To my understanding this sounds deliciously cool – this is very understandable, simple and should be reasonably safe in the most situations.
Without too much hype (haha, you might think – you hipster writing that …), I also consider that it might bring the danger of choosing the wrong plan when it will bring down the performance of already great performing query, and I am confident that there will be a number of such cases, when the adaptive decision even though the best for the query itself will influence the overall status of the system, slowing it down in the eyes of the Database Administrator, Developer or the final user. This system will not be perfect, but it will bring the incredible improvement that would not be possible at all in the previous versions.

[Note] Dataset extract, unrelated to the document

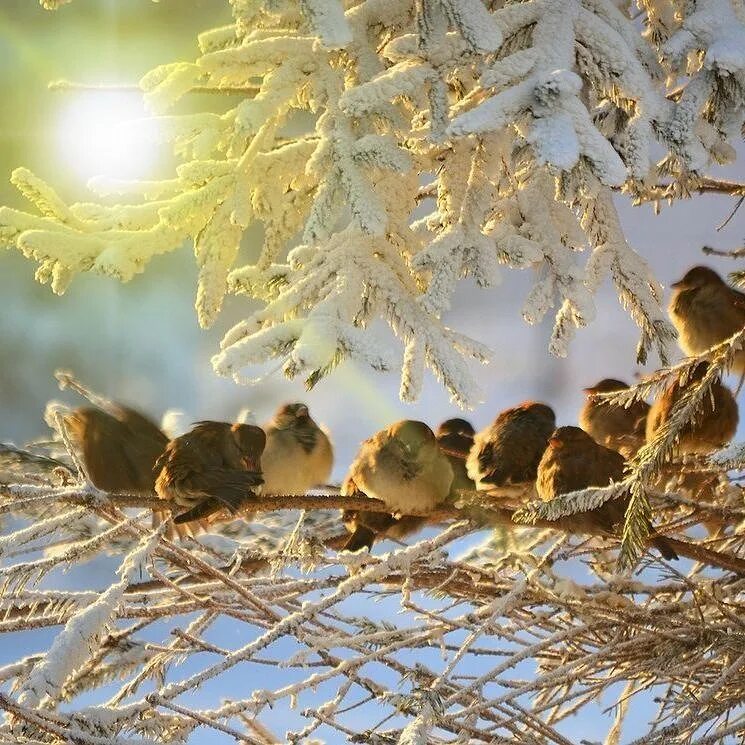 Птицы зимой. Зимнее утро птички. Морозное утро. Зимнее утро с птицами.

Yes, there will need to be an option for controlling it, but I guess this is my instinctive reaction to any new feature in the SQL Server – I want to be able to disable it, if needed; but overall I am expecting an extremely happy future and even in the couple of years people wondering how it was before Adaptive Query Optimiser in the SQL Server world …
But let us get to the test and for that, I will use my own generated copy of the TPCH database (10GB version), that I have done with the help of the HammerDB (free software).
/* * This script restores backup of the TPC-H Database from the C:\Install */ USE [master] if exists(select * from sys.databases where name = 'tpch') begin alter database [tpch] set SINGLE_USER WITH ROLLBACK IMMEDIATE; end RESTORE DATABASE [tpch] FROM DISK = N'C:\Install\tpch_1gb_new.bak' WITH FILE = 1, NOUNLOAD, STATS = 1 alter database [tpch] set MULTI_USER; GO -- SQL Server 2017 ALTER DATABASE [tpch] SET COMPATIBILITY_LEVEL = 140 GO USE [tpch] GO EXEC dbo.sp_changedbowner @loginame = N'sa', @map = false GO USE [master] GO ALTER DATABASE [tpch] MODIFY FILE ( NAME = N'tpch', FILEGROWTH = 256152KB ) GO ALTER DATABASE [tpch] MODIFY FILE ( NAME = N'tpch_log', SIZE = 1200152KB , FILEGROWTH = 256000KB )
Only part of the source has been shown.